THE RECORDS Block Start

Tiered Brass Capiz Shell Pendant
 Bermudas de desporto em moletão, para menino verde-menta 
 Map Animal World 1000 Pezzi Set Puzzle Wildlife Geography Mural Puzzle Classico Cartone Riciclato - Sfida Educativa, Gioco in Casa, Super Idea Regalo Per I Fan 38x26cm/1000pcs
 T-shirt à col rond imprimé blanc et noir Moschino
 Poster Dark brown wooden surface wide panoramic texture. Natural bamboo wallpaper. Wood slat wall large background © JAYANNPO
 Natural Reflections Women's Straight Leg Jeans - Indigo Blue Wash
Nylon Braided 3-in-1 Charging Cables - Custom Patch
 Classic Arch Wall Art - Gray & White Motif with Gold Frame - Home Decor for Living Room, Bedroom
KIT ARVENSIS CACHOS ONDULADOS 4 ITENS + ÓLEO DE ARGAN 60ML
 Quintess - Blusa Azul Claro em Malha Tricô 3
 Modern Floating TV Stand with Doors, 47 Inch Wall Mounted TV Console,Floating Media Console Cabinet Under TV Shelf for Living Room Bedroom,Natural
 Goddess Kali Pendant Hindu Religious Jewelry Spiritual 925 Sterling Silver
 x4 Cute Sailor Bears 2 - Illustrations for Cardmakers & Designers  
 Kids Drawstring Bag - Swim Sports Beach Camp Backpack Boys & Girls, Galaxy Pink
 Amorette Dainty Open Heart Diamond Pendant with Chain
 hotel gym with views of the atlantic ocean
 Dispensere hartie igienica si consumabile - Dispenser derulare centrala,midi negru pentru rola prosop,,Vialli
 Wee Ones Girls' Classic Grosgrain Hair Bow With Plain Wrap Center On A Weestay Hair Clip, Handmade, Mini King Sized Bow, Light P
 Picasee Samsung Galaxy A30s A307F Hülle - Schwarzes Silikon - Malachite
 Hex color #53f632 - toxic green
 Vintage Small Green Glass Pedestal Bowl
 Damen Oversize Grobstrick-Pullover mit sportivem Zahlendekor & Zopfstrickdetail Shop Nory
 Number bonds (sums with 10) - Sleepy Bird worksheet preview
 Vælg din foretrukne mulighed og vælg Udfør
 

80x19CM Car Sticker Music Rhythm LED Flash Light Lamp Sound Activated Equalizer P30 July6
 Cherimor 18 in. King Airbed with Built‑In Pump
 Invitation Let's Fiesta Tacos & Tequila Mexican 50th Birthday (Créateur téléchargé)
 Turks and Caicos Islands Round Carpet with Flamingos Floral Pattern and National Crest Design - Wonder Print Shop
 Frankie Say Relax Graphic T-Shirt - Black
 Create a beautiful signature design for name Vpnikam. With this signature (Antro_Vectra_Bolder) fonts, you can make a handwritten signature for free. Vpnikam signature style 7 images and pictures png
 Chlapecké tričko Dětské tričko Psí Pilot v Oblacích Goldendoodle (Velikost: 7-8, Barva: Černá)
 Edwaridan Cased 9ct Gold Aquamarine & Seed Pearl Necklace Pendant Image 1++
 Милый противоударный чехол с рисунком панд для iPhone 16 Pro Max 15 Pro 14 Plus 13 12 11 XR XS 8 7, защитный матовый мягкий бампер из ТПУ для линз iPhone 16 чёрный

THE RECORDS Block End

## WHAT IS BEING ASKED
Answer with one number: how many lines of the entries above include the word "King".

## EXPECTED OUTPUT
2